A total of 210 new worshipping communities were organized from January 2009 through September 2010, Thomas Kemper, top executive of the United Methodist General Board of Global Ministries, told directors at their Oct. 11-13 annual meeting. That is more than halfway toward the mission board’s goal of starting 400 new congregations worldwide by 2012.
Mr. Kemper said more than half of the progress has been in Southeast Asia, notably in Laos with 33 new congregations and Vietnam with 85. There was also a significant increase of new congregations in Africa—39 in Malawi and 17 in South Sudan.
“Almost all of this growth is through a dozen or so mission initiatives in four African countries, various parts of Asia and Eastern Europe, work that relates directly to Global Ministries,” Mr. Kemper said. “It does not include new congregations developed by United Methodist annual conferences in other parts of Africa, the Philippines and Western Europe.”

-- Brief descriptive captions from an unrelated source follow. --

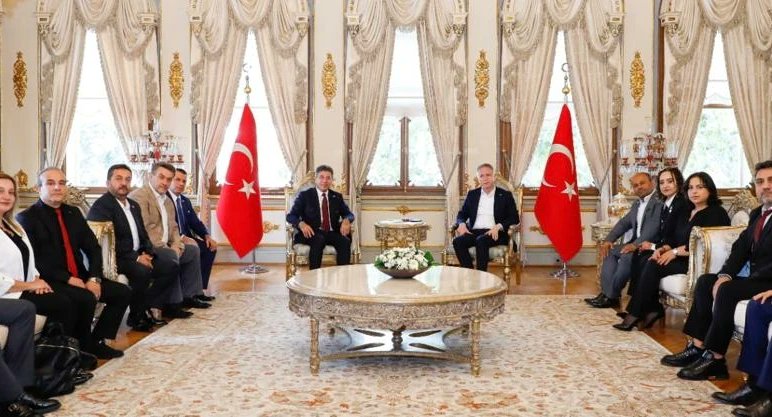iosidorgtr's tweet photo. İOSİD Başkanı Sn. Ahmet AKKAYA ve Yönetim Kurulu Üyeleri olarak, İstanbul Valisi olarak atanan Sn. Davut GÜL beyefendiye makamında hayırlı olsun ziyaretinde bulunduk. 
   Sayın Valimize nazik misafirperverliğinden dolayı teşekkür ediyor, yeni görevinde başarılar diliyoruz. https://t.co/5SZ6fnVE9A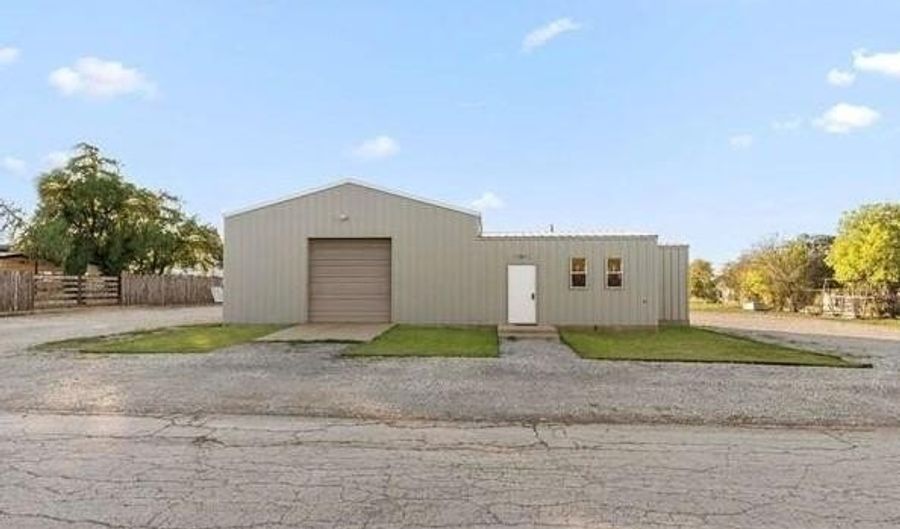 305 Sycamore, Archer City, TX 76351 - 0 Beds, 0 Bath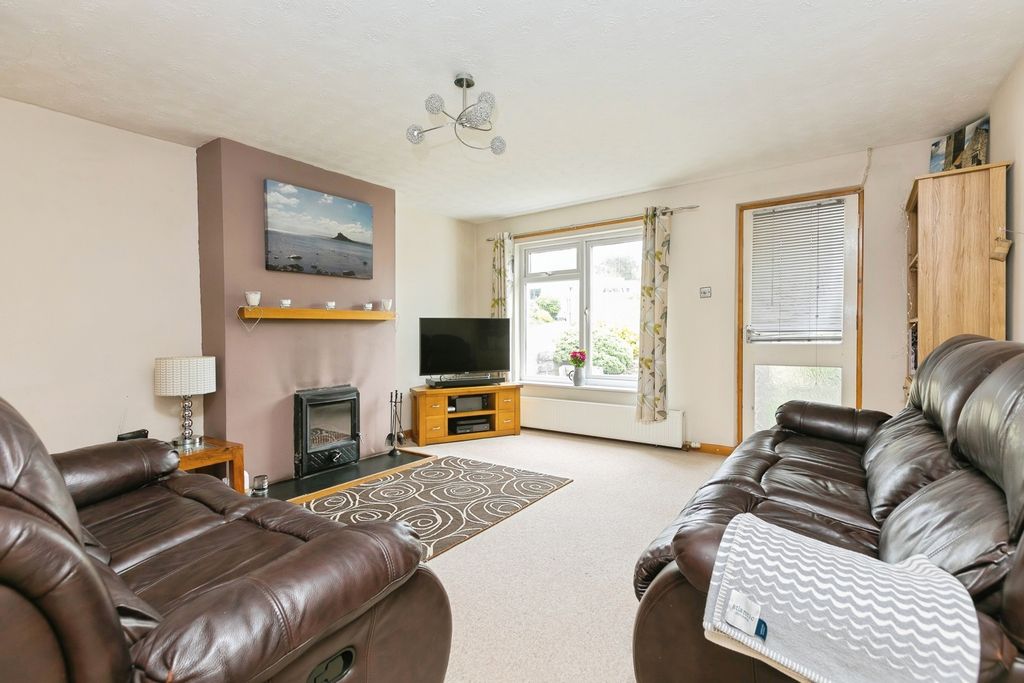 Property photo 2 of 13 Pbox-Img.Jpg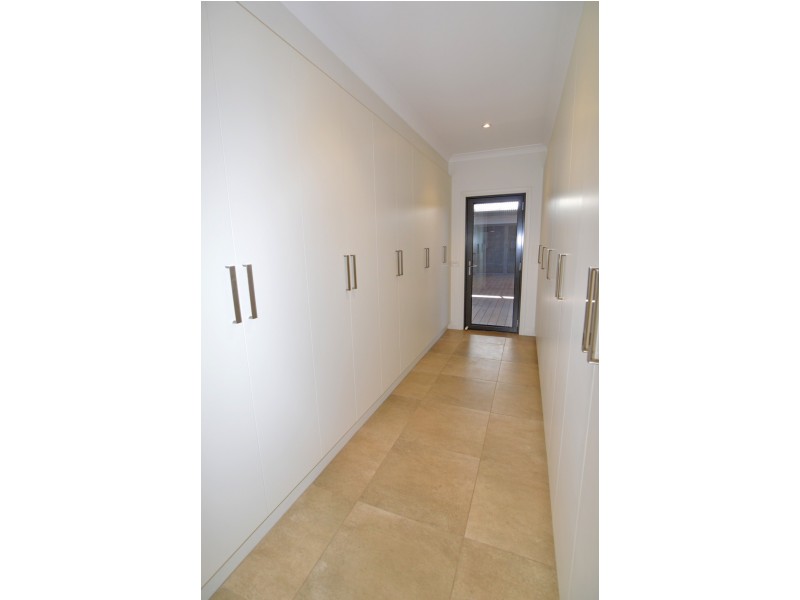 15 Murray Street, Gol Gol NSW 2738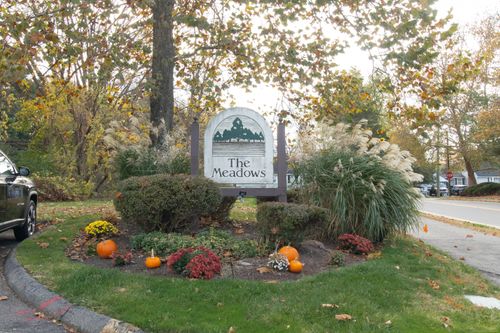 5-7 W Meadow Ln, Middletown, CT, 06457-1657 | Card Image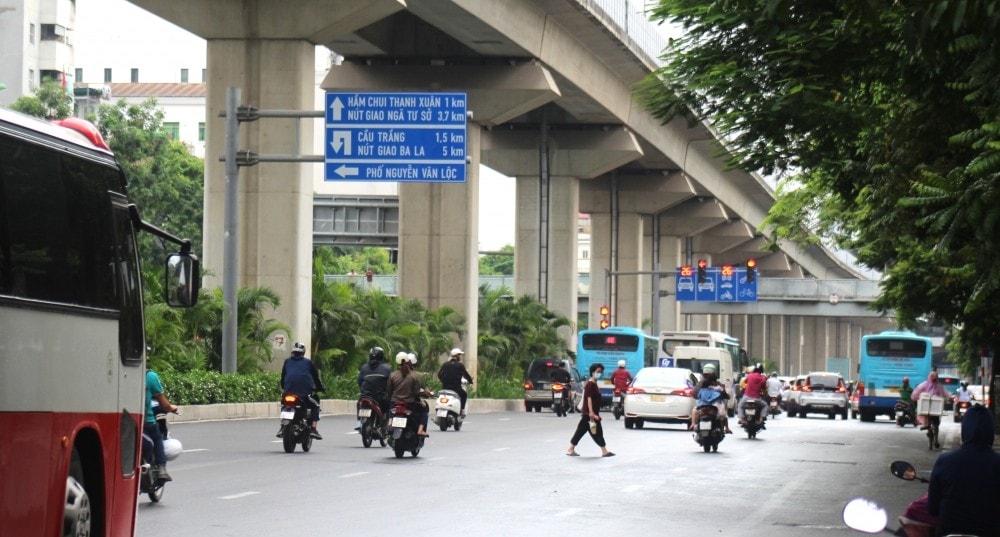 Mỗi người cần nâng cao ý thức khi tham gia giao thông để an toàn cho mình và mọi người (Ảnh minh họa)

In addition to Laos and Vietnam, new worshipping communities in Asia include nine in Nepal, six in Cambodia and three in Thailand. New African congregations include three in Cameroon as well as those in Malawi and South Sudan. Four new congregations have formed in Central Asia and another four have started in Honduras.
Mr. Kemper said that the impressive growth in Vietnam and Laos is partly the result of a grassroots, “people’s church” approach to planting new congregations. Indigenous lay pastors and committed laity do much of the evangelization and congregational organizing. Professional church staff provide inspiration, training and initial organizing skills.
“We have learned that indigenous Christians are expert at evangelism and church planting,” said the Rev. John Nuessle, staff executive for mission relationships. “Missionaries remain essential as initiators, facilitators and educators, but we are now ‘growing’ our pastors locally in many places.”
In Vietnam, the church is only now in the process of becoming officially recognized within the socialist country, but met a major requirement for that recognition with the dedication of the United Methodist Center in Ho Chi Minh City. A next step is obtaining a registration certificate for religious activities, which church leaders in Vietnam hope will be granted in December.
The Malawi Conference, with some 140 congregations organized into circuits, has a growing network of partner congregations and annual conferences in both the U.S. and Germany. “The rapid growth of the Malawi Conference has been achieved through mission partnerships,” said the Rev. Patrick Friday, who works with the agency’s In Mission Together program.
Honduras, which now has 16 congregations, is the only mission-initiative country in Latin America and the Caribbean, largely because most countries in that region already have autonomous Methodist and United Methodist churches that are mission partners with Global Ministries, said the Rev. Edgar Avitia, a Global Ministries staff member who relates to Latin America.
“Those partnerships, such as with the Methodist Church in the Caribbean and the Americas, and Methodists in Cuba, Puerto Rico, Mexico and, most recently, Nicaragua, have been instrumental in resourcing mission in Honduras,” he said.
The oldest of the mission initiatives is in Russia and surrounding countries, with separate work in Latvia and Lithuania. Methodism existed in those lands prior to the communist takeover in the early 20th century. Russia today has more than 100 United Methodist congregations, all with indigenous pastors, and a theological seminary in Moscow.
“The Russia Initiative was born in the marvelous times of eruption and new opportunities after the disintegration of the Soviet Union,” said Bishop Hans Växby of the Eurasia Area. “Today the growth is less dramatic. Our churches are going through an exciting period of maturing, especially in terms of financial self-sufficiency, and also of creating new faith communities in other parts of a city or neighboring villages.”
Mr. Wright is a communications consultant to the General Board of Global Ministries.